- _Exercise directions_
All lines from the one holding "LT3042 저소음 선형" to the end of the listing are to be output exactly, both ends included, with any pictures left out.

- _Supplied data_
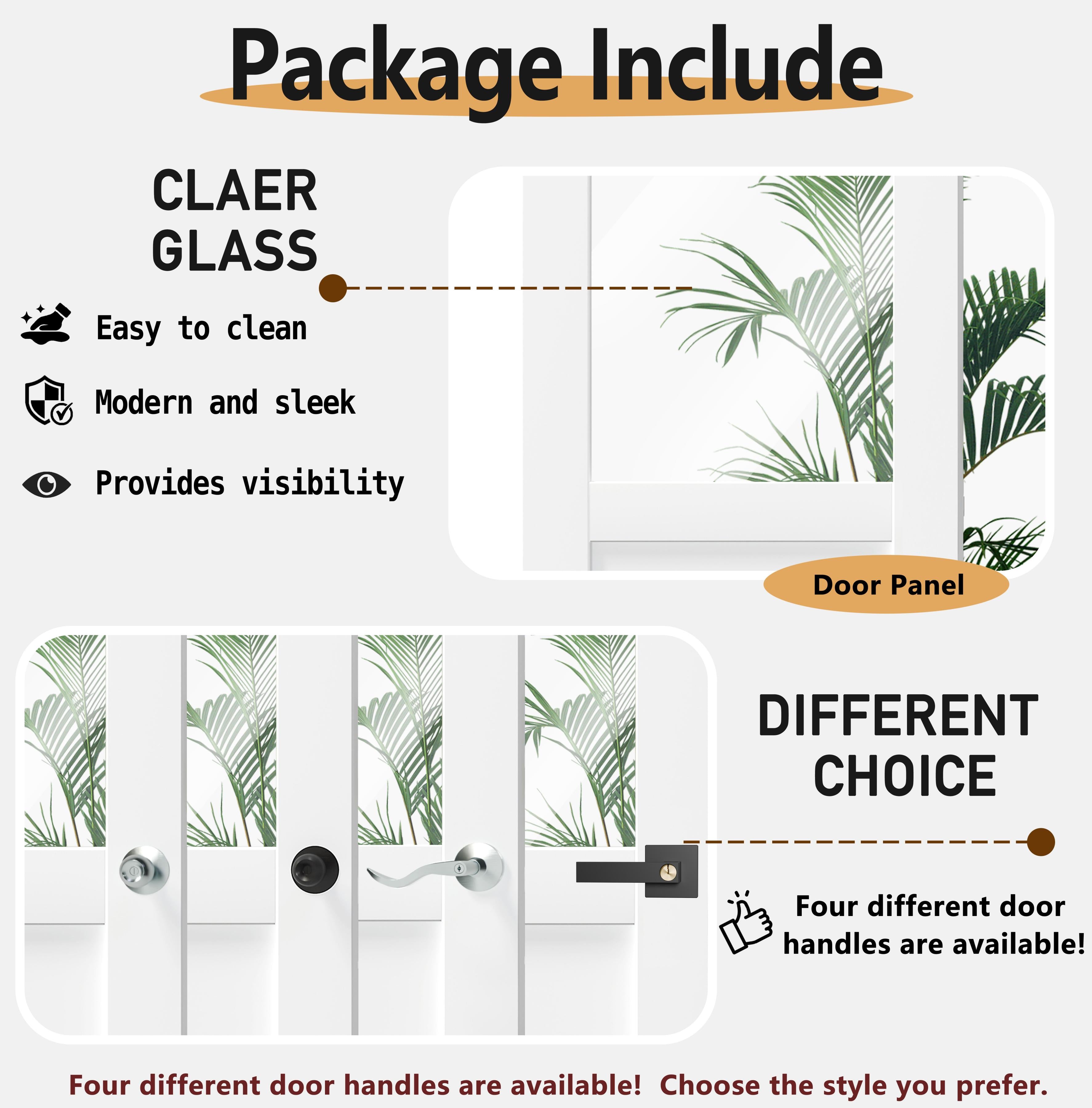 TENONER Black MDF 5-Lite Clear Glass Interior Door Slab for Living Room, Bedroom, Hallway – Durable, Easy to Install, with Handle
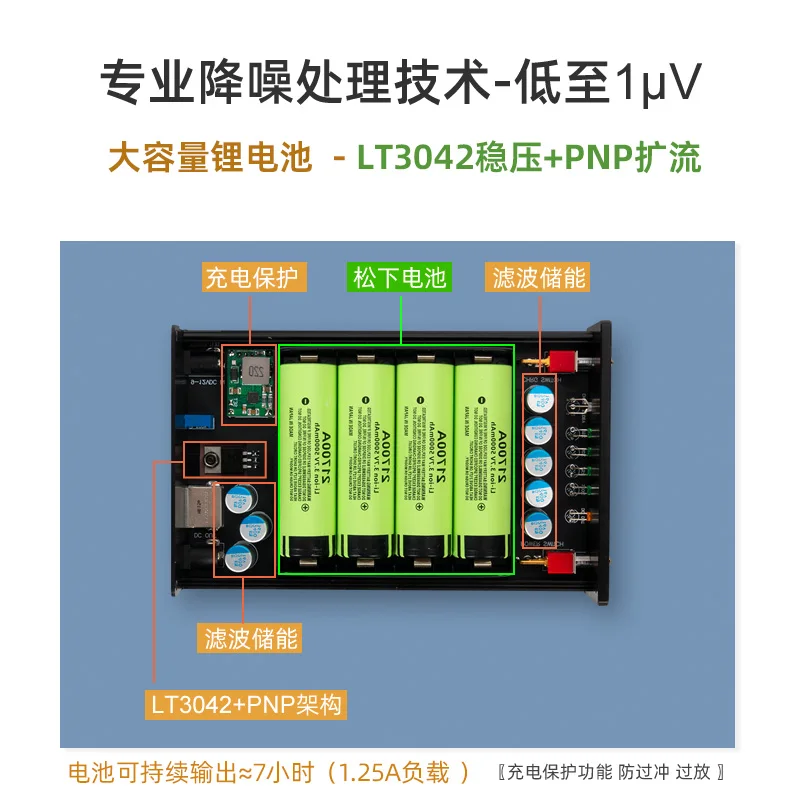 LT3042 저소음 선형 레귤레이터 전원 공급 장치, 5V 1.5A DC 전원 배터리 전원 USB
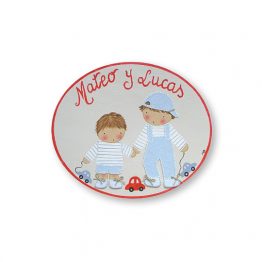 placas para puertas infantiles personalizadas con nombre bebe decorativa artesanal nina nino regalos originales hermanos juguetes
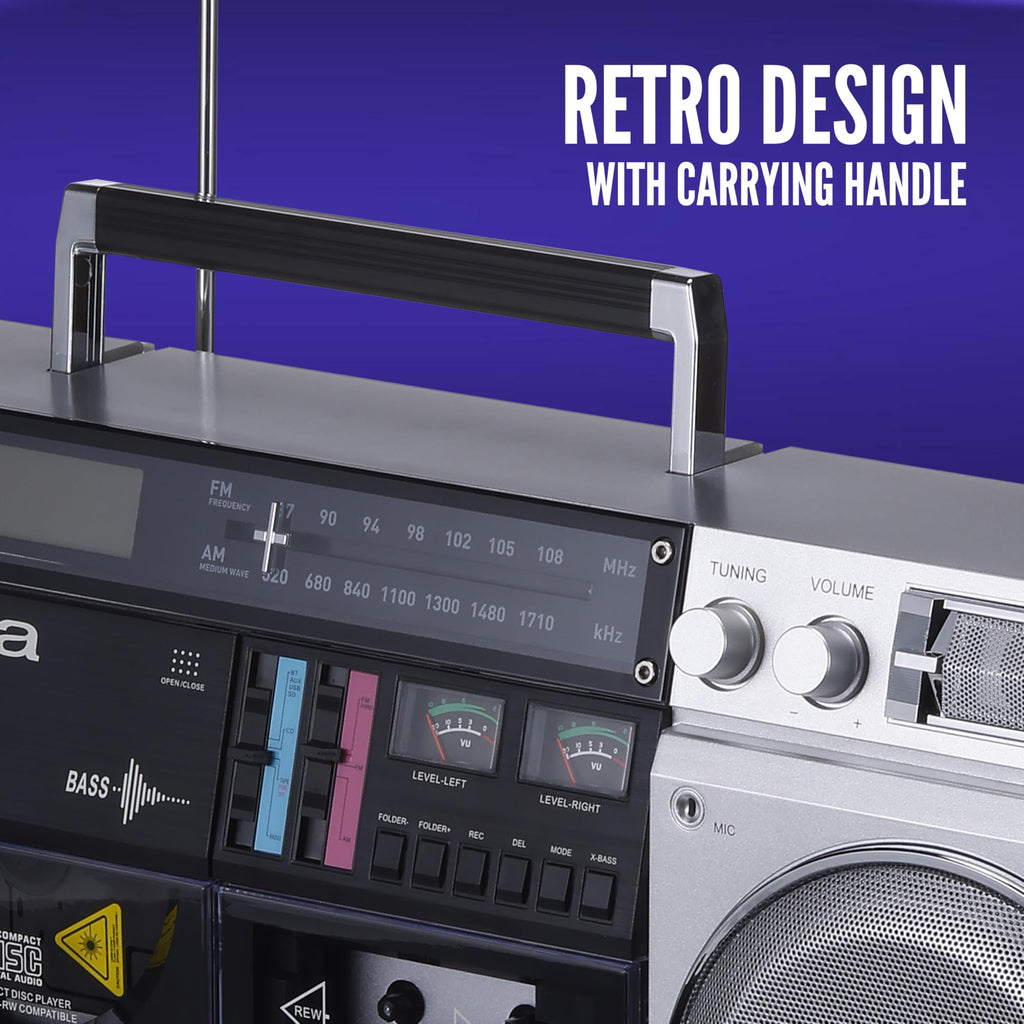 Retro Boombox CD Player with Cassette Recording, Bluetooth, FM/AM Radio, USB/SD/AUX Inputs, Dual 40W Speakers A5756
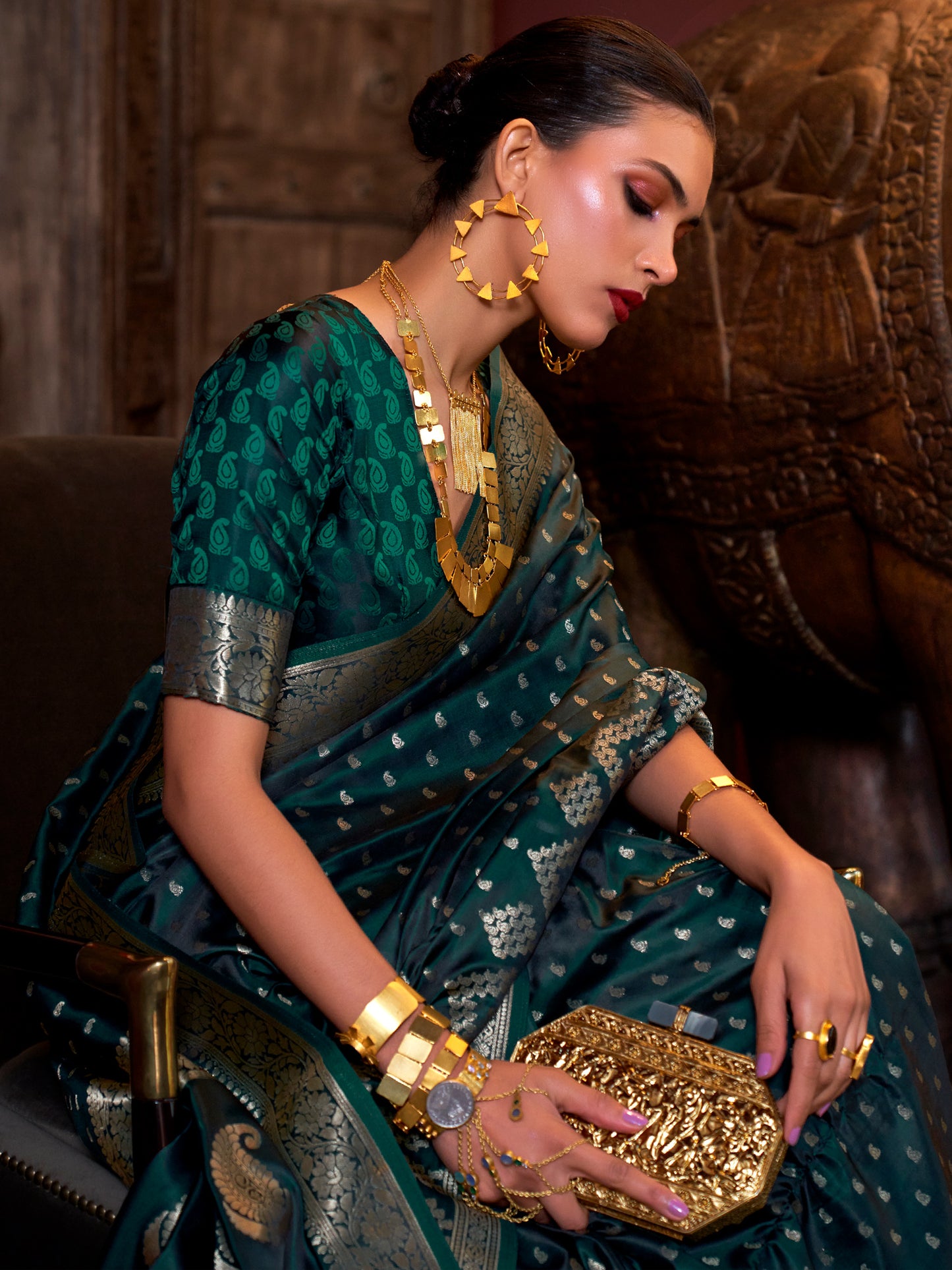 Women's Satin Silk Dark Green Woven Design Designer Saree With Blouse Piece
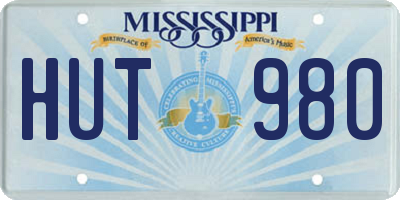 MS license plate HUT980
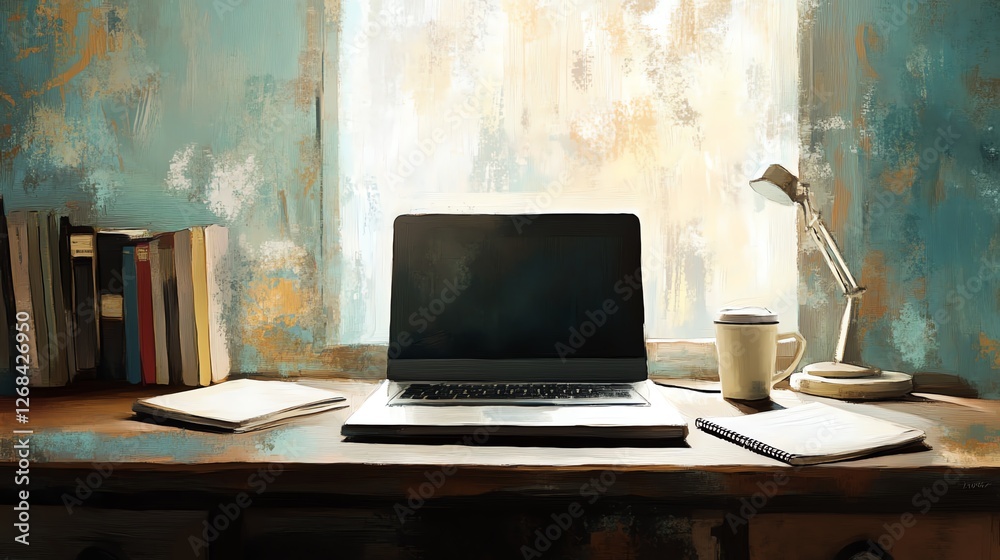 Fototapeta premium A cozy workspace featuring a laptop, books, and a coffee cup.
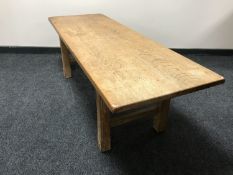A blonde oak coffee table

- _Exercise response_
 LT3042 저소음 선형 레귤레이터 전원 공급 장치, 5V 1.5A DC 전원 배터리 전원 USB
 placas para puertas infantiles personalizadas con nombre bebe decorativa artesanal nina nino regalos originales hermanos juguetes
 Retro Boombox CD Player with Cassette Recording, Bluetooth, FM/AM Radio, USB/SD/AUX Inputs, Dual 40W Speakers A5756
 Women's Satin Silk Dark Green Woven Design Designer Saree With Blouse Piece
 MS license plate HUT980
 Fototapeta premium A cozy workspace featuring a laptop, books, and a coffee cup.
A blonde oak coffee table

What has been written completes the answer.